The championship race finally arrived and the drivers' pit crew chiefs lined up, buggies in hand, by qualifying position, with Phend leading the pack and Cavalieri bringing up the rear.
'Those are our gladiators who are going to do battle here,' announcer Scotty Ernst bellowed into the microphone.
Then they were off. As the cars zoomed around the track, spectators squinted to decipher whose ride was whose. Some pulled up the live stream of the race on their phones to double-check.
Early into the 45-minute event, most drivers maintained their qualifying positions, with Phend and Maifield shuffling between the first and second slots. Rivkin kept close behind, and on one turn bumped a competing buggy back into an upright position after a clash.
'Very good sportsmanship there for Rivkin,' Ernst said.
Rivkin later said he didn't remember the run-in.
More buggies ended up on their sides or backs, the result of collisions or bad landings in the whoops section. Marshals dashed on the track to the rescue. One had to perform a double leap and pirouette to avoid the leaders.
At one point, Phend's buggy did a front-flip over a pipe serving as a racetrack barrier. Across the track, another car landed atop a rock, igniting a barely visible spark.

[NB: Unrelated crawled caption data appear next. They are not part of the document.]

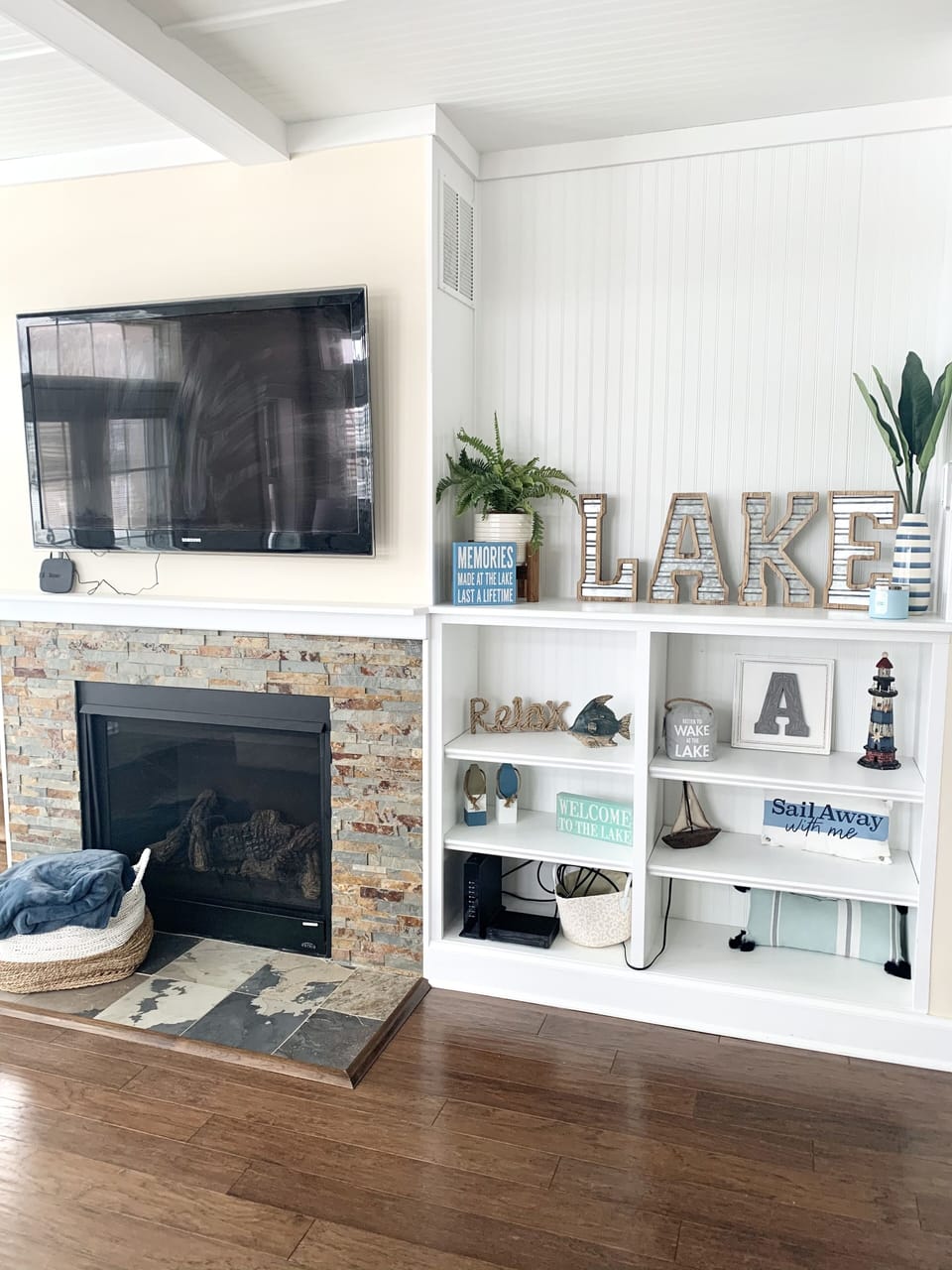 Cozy up by the fireplace and watch a movie.
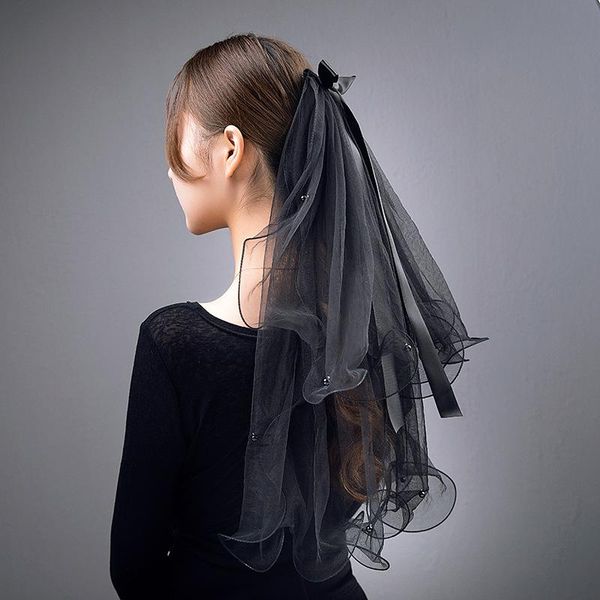 

bridal veils short tulle with pearls bead edge two layers black wedding comb marriage accessories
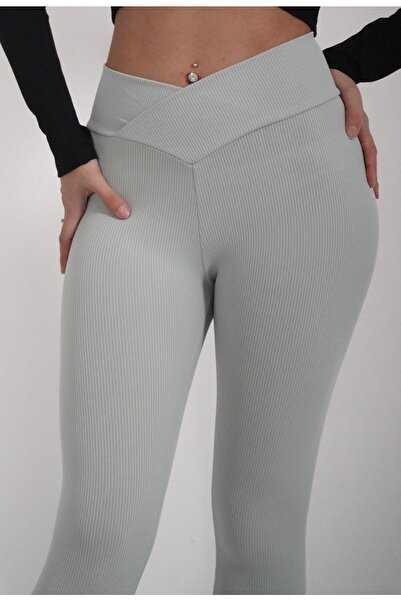 mezozoik النعناع الأخضر عالية الخصر عبر حزام مضلع طماق الرياضية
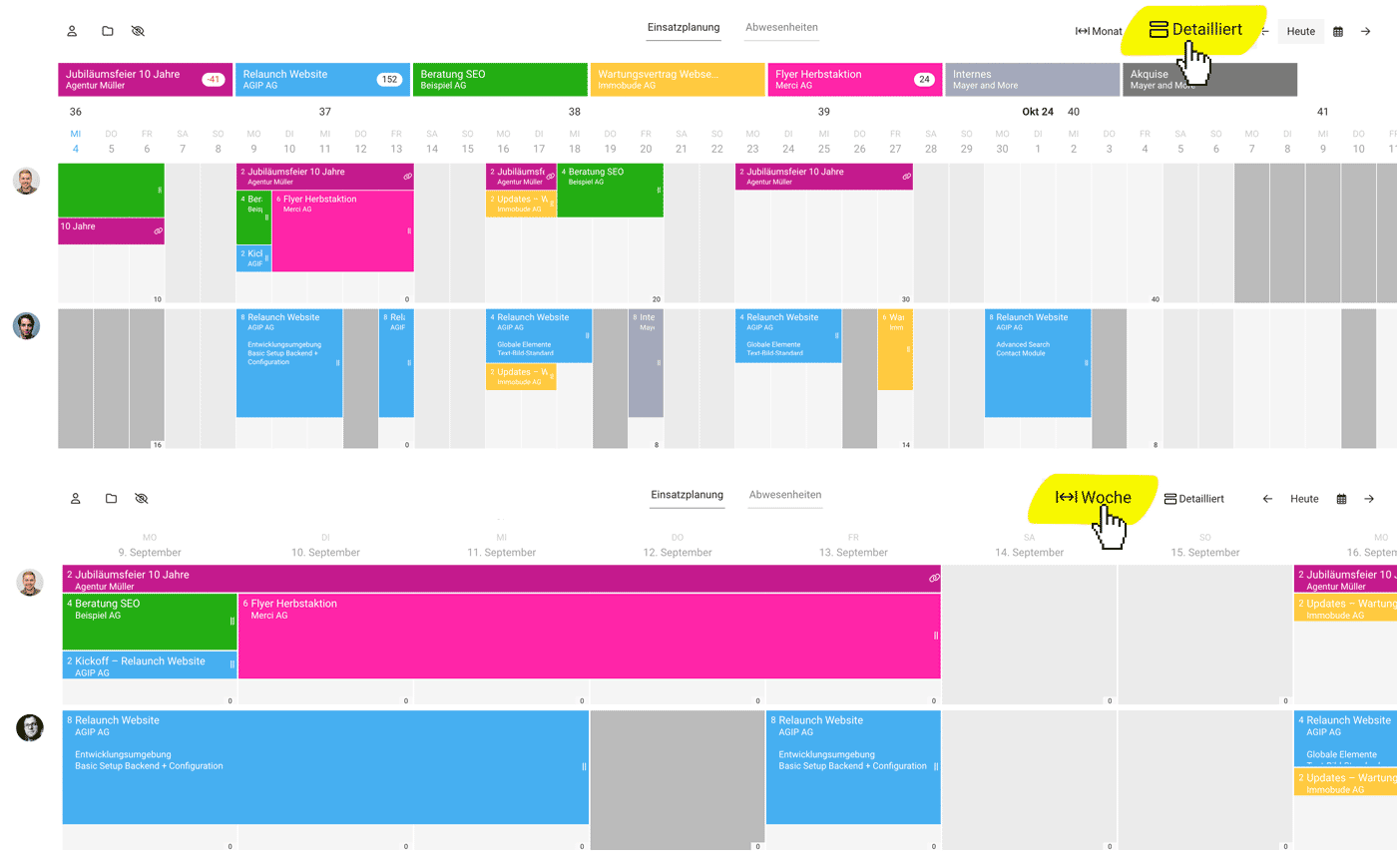 Zoom-Optionen für die Planung Zoom-Optionen für die Planung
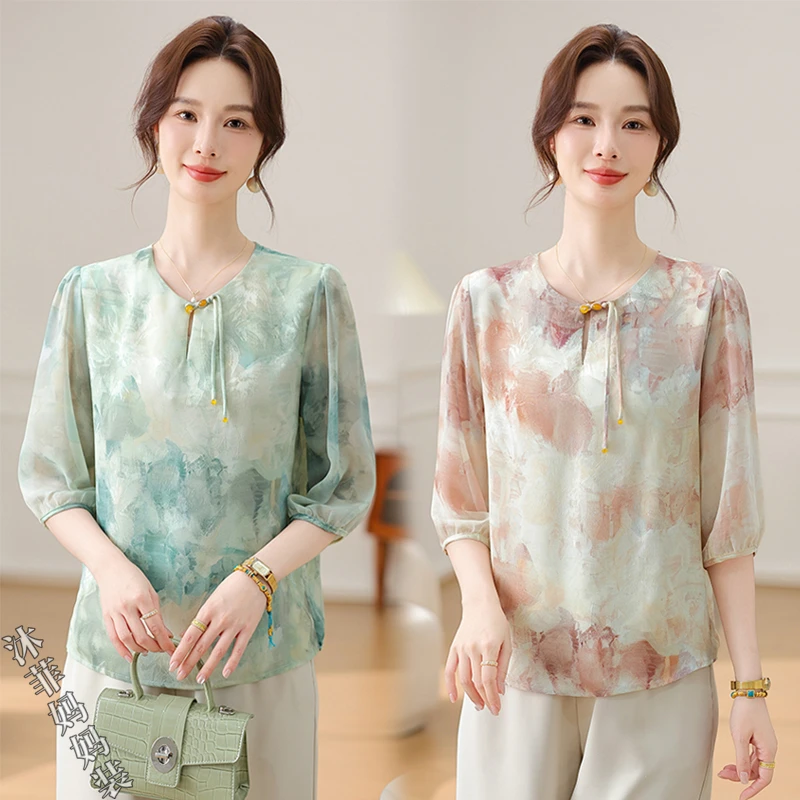 新中式妈妈夏装印花小衫新款洋气中老年女装春夏国风中袖显瘦上衣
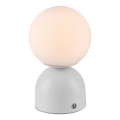 Schöner Wohnen 19218-16 - Lampe de table LED dimmable à commande tactile et rechargeable RUDI LED/1,2W/5V 3000-6000K 1200 mAh blanche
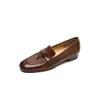 Mocasines Británicos Retro Camelia Zapatos Slip-on Piel de Vaca de Primera Capa Nueva Punta Redonda Zapatos de Tacón Bajo Plano para Mujer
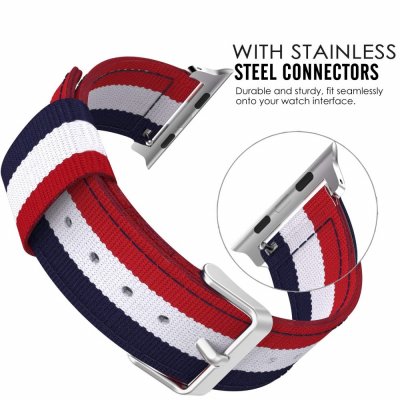 Köp Nylonarmband Apple Watch 41mm Series 9 Blå/Vit/Röd Online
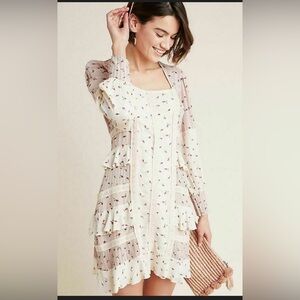 NWOT Anthropologie Astor ruffled dress in  L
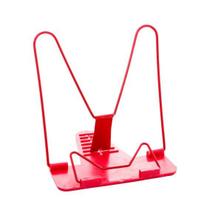 Multifunctional Reading Stand for Desk Adjustable Reading Rack with Page Holder Foldable Metal Base Non-Slip Tabs Neck Pain Relief Gift for Students red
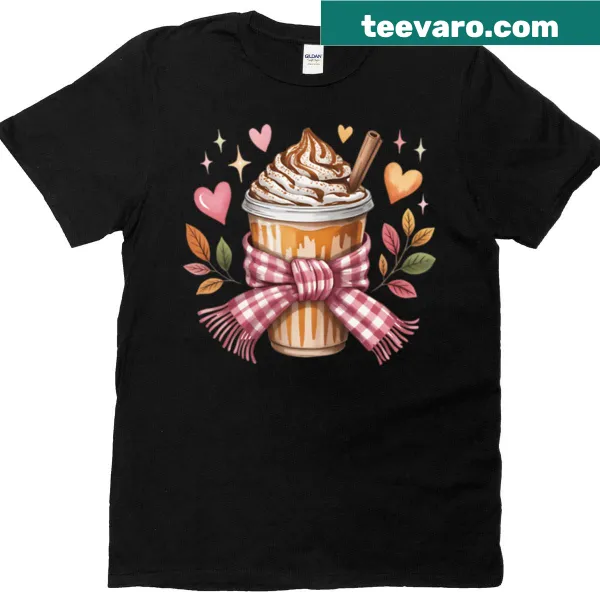 Autumn-themed t-shirt with coffee illustration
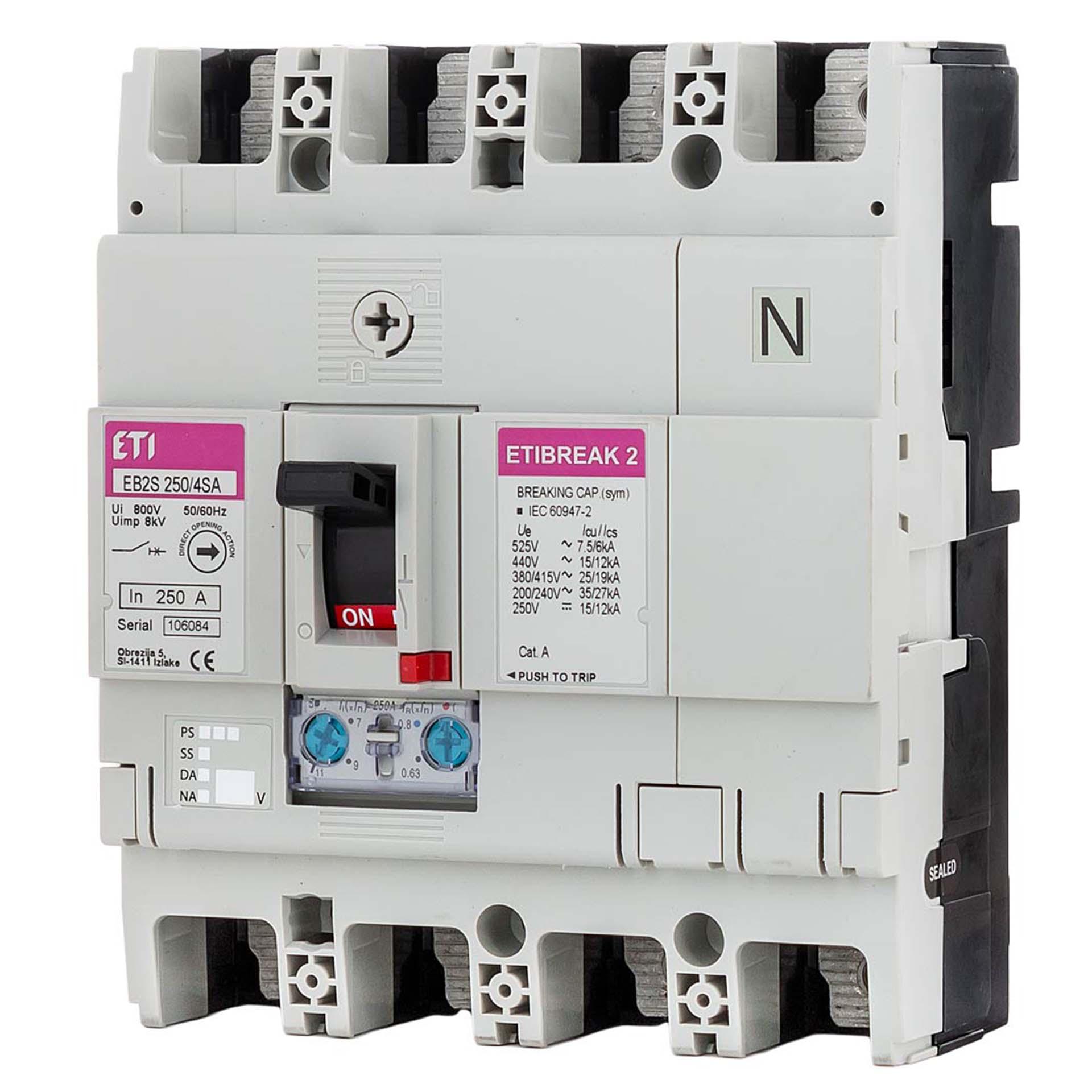 Circuit-breaker compact, EB2S 250/4SA 250A, Icu 25kA / Ics 19kA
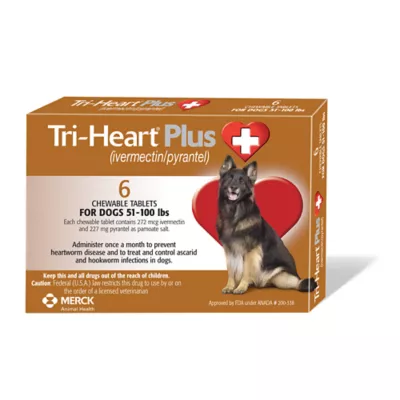 Product Tri-Heart Plus Chewable Tablets for Dogs 51-100 lbs Brown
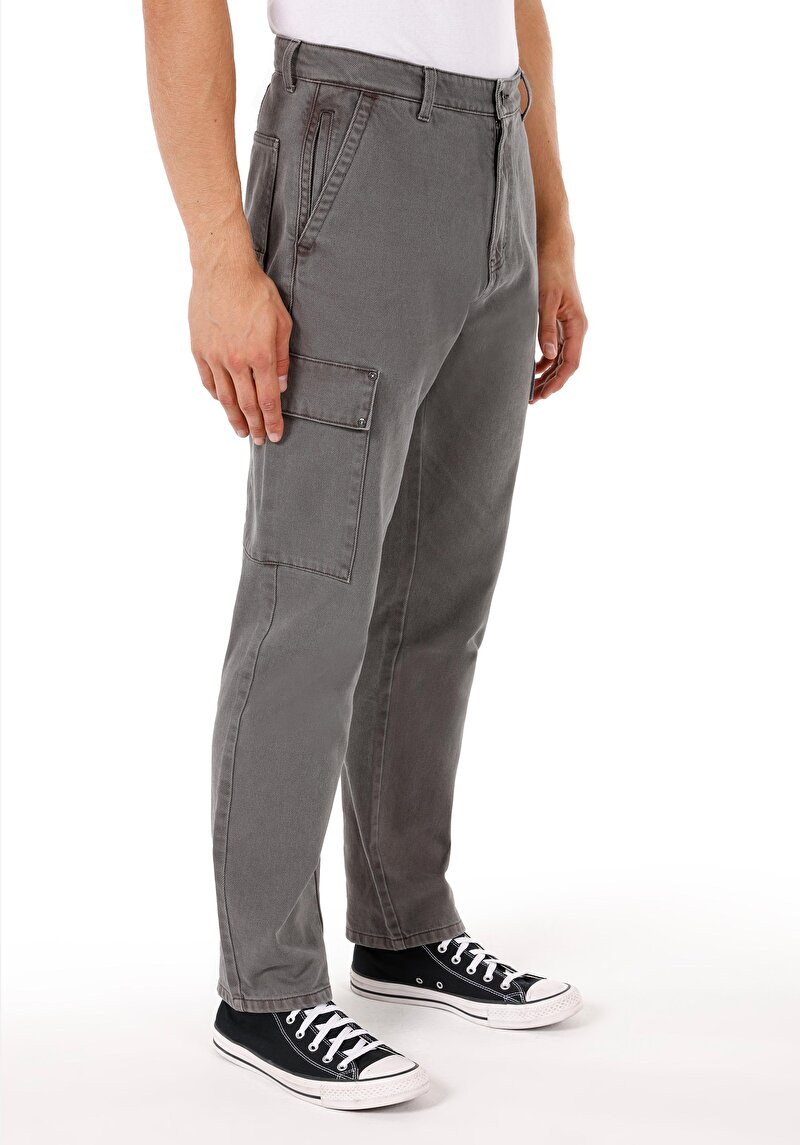 Afișați detalii pentru Pantaloni Comfort Fit Mid Waist Straight Leg Pantaloni Antracit Pentru Bărbați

It was still anyone's game. That is, until race leader Mason Fuller pitted at the last minute, giving Maifield several seconds over the pack. Quagraine was glad to have backed out of his earlier bet on Cavalieri, who finished well in back.
As Maifield flew through the finish line, the cheers were surprisingly tame, so it wasn't clear the race had ended at all. The 45-minute affair and night's easy atmosphere seemed to have lulled a handful to sleep.
But when the rest of the lot rolled in, and a trio of podium girls in snug red dresses and four-inch heels arrived for the awards ceremony, the buzz was back.
As race host Joey Christensen read off the names of the top three finishers — Maifield, Fuller and Phend — the crowd members craned their necks, knowing what was coming. On cue, the three racers lunged for their congratulatory champagne, shook the bottles and doused each other in bubbly.